[INFORMATION SHOWN]
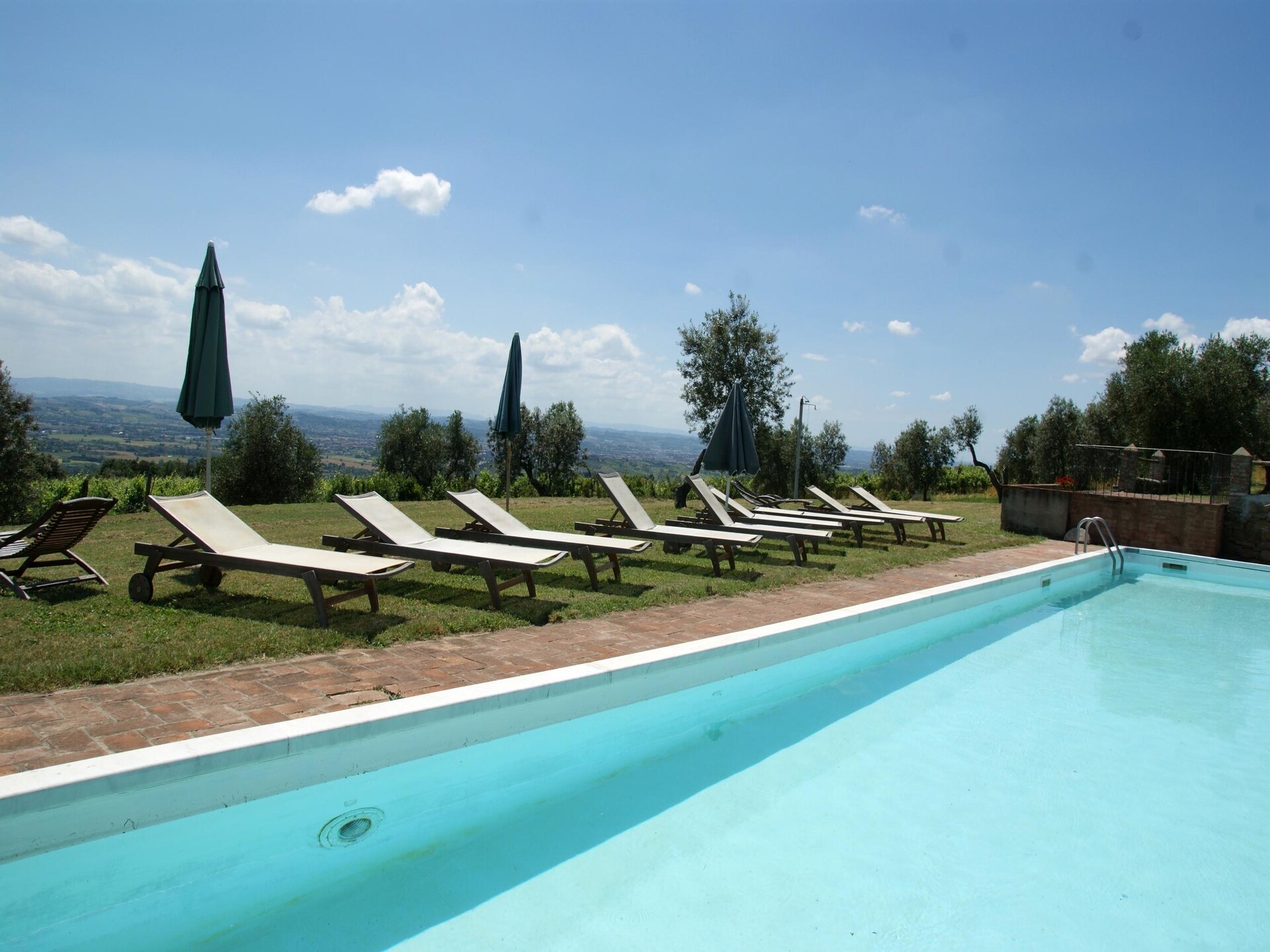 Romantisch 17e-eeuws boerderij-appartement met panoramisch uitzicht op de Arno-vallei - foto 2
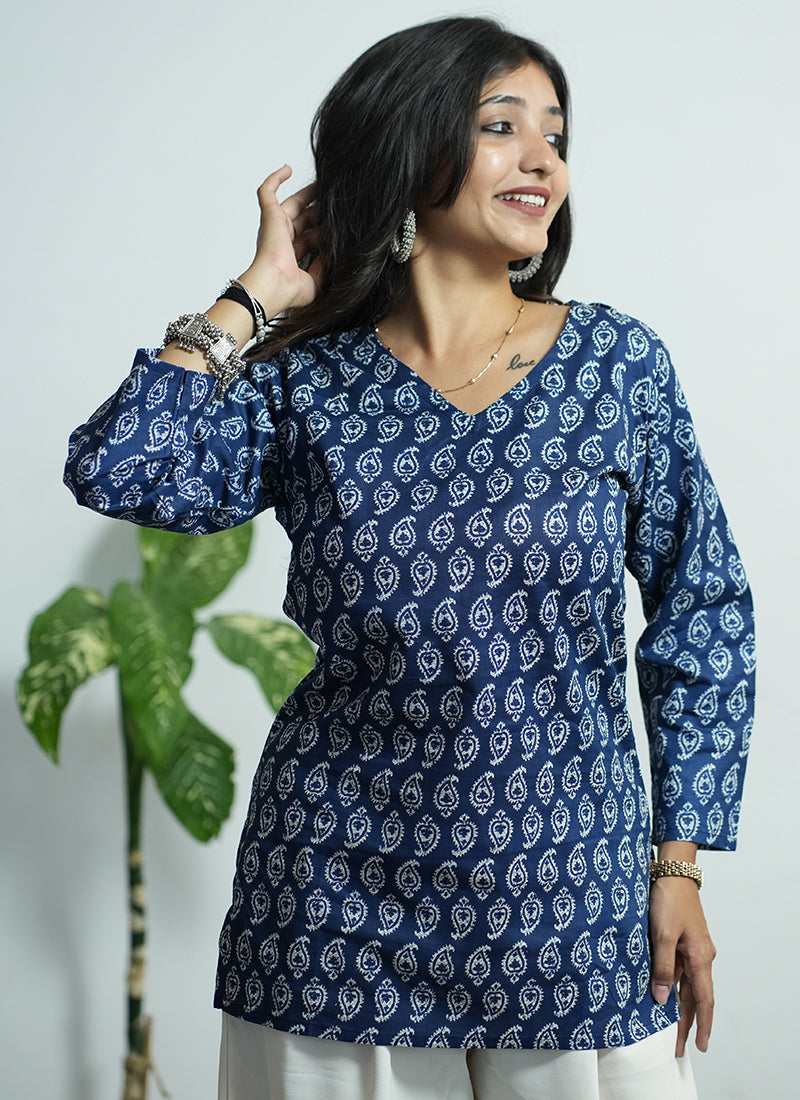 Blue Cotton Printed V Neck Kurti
[/INFORMATION SHOWN]
[INFORMATION SHOWN]
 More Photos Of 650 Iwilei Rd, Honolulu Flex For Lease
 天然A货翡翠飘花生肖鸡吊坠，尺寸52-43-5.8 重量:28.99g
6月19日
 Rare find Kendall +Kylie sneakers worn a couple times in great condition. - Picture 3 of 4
[/INFORMATION SHOWN]
(EXERCISE AIM): Each line in the entries above, starting at the line with "More Photos Of" and ending at the line with "Rare find Kendall", is to be printed exactly, and only those lines.

(REPLY):
 More Photos Of 650 Iwilei Rd, Honolulu Flex For Lease
 天然A货翡翠飘花生肖鸡吊坠，尺寸52-43-5.8 重量:28.99g
6月19日
 Rare find Kendall +Kylie sneakers worn a couple times in great condition. - Picture 3 of 4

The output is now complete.